Adam Liaw's take on Aussie classics

Adam Liaw's take on Aussie classics

There's no better example of cultural cringe in Australia than the attitude of so many of us towards our national cuisine. Ours is one of the finest in the world – varied, experimental, steeped in history and tradition, and underpinned by high-quality produce. I've heard too many Aussies write off our food as "just Vegemite and meat pies", preferring fare from Asia, Europe and/or the Americas. Yet we've absorbed these cuisines and made them part of our own; we should be proud of that.

Noodles, for example, are as much Australian as they are Asian, and our pasta dishes don't have to be designated "Italian". Imagine if the Italians kept calling spaghetti "Chinese" – after all, they've only had it for about 500 years. After the English claimed chicken tikka masala, it brought on a renaissance of pride in good British grub, and there's a valuable lesson in that for us – we need to embrace our cuisine as truly Australian, no matter where it started out.

Prawn cocktail pie.

Prawn cocktail pie.

Photo: William Meppem

And no – I don't give a stuff that pavlova comes from New Zealand.

Prawn cocktail pie

Serves 8-10


If the pie is Australia's national dish, this chilled savoury version is perfect to share with a crowd on Australia Day.

• 1 stalk celery, finely diced

• 3 spring onions, finely sliced

• 1 cup whole-egg mayonnaise

• 1 cup sour cream

• 2 cups shredded iceberg lettuce

• 24 large cooked prawns, peeled, with tails on

• 1 cup mixed cherry tomatoes, halved

• ½ cup cocktail onions

• ½ cup cornichons, sliced lengthways

• 2 tbsp finely chopped chives

• 1 tbsp finely chopped parsley

• lemon wedges, to serve Shortcrust pie case

• 225g plain flour

• 125g chilled butter, cut into cubes, plus extra for greasing

• ¼ tsp salt Spicy tomato cocktail sauce

• 125ml tomato passata

• juice of 1 lemon (about 80ml)

• 1 tbsp olive oil

• 2 tsp Worcestershire sauce

• 1 tsp Tabasco

• ¼ tsp caster sugar

• ¼ tsp horseradish, or to taste

• salt and pepper, to taste

To make the shortcrust pie case, preheat oven to 200°C. Combine the flour, butter and salt for the pastry in a food processor and blend until they resemble coarse breadcrumbs.
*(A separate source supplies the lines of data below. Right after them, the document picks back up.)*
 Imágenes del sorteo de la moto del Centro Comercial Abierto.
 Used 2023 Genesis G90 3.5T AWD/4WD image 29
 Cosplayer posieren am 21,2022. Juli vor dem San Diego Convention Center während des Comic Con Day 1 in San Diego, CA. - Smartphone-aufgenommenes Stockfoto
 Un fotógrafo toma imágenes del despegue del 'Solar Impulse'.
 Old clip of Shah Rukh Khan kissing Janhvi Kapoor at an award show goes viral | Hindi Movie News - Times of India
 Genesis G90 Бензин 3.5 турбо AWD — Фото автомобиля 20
Add 2 tbsp of cold water a little at a time and pulse until the mixture comes together in a mass. Lightly knead a few times to form a consistent dough, wrap in cling film and refrigerate for 20 minutes.

Roll out the dough to a ½ cm thick circle and press into a 22cm fluted tart tin. Put in the freezer for 10 minutes to firm, then line and weight with pastry weights and bake for 10 minutes. Remove the weights and bake for a further 5-10 minutes, until golden brown. Allow to cool to room temperature in the tin and then chill until ready to use. For the spicy tomato cocktail sauce, combine all the ingredients using a stick blender. Season to taste and toss through the prawns.

Combine the celery, spring onion, mayonnaise and sour cream and spread onto the base of the pie case. Scatter with iceberg lettuce, then place the prawns on top. Scatter with the cherry tomatoes, cocktail onions, cornichons, parsley and chives. Serve immediately with lemon wedges.

Adam's tip Even if you peel prawns before poaching, poach the shells with them anyway and use as little water as possible. This will maximise the flavour. And never boil prawns vigorously, as that will make them tough.

Aussie steak tartare with Vegemite toast

Serves 4

The savoury kick of Vegemite is welcome here: it helps make up for the lack of savoury crust that well-cooked meats have.

Aussie steak tartare with Vegemite toast.

Aussie steak tartare with Vegemite toast.

Photo: William Meppem

• 1 tsp extra virgin olive oil, for frying, plus 1½ tbsp extra, for mixing

• 300g fillet steak

• ½ tsp flake salt

• 1 eschalot, finely minced

• 2 cloves garlic, finely minced

• 1 bird's eye chilli, seeds removed and finely minced

• 2 tsp capers, finely minced

• 5 cornichons, finely minced

• 1 tsp brandy

• 1 tbsp seeded mustard

• 1 tbsp shredded parsley

• 4 slices brown bread, crusts removed

• 30g butter

• 1 tbsp Vegemite

• 1 egg yolk

• freshly ground black pepper, to serve

Heat a frying pan over very high heat and add a teaspoon of the oil. Sear the steak on all sides just for a few seconds. The steak should be browned on the outside, but still completely raw in the centre. Chill the steak in the fridge for 15 minutes, then coarsely mince with a knife. Combine the minced steak with the reserved oil, salt, eschalot, garlic, chilli, capers, cornichons, brandy, mustard and half the parsley. Mix well.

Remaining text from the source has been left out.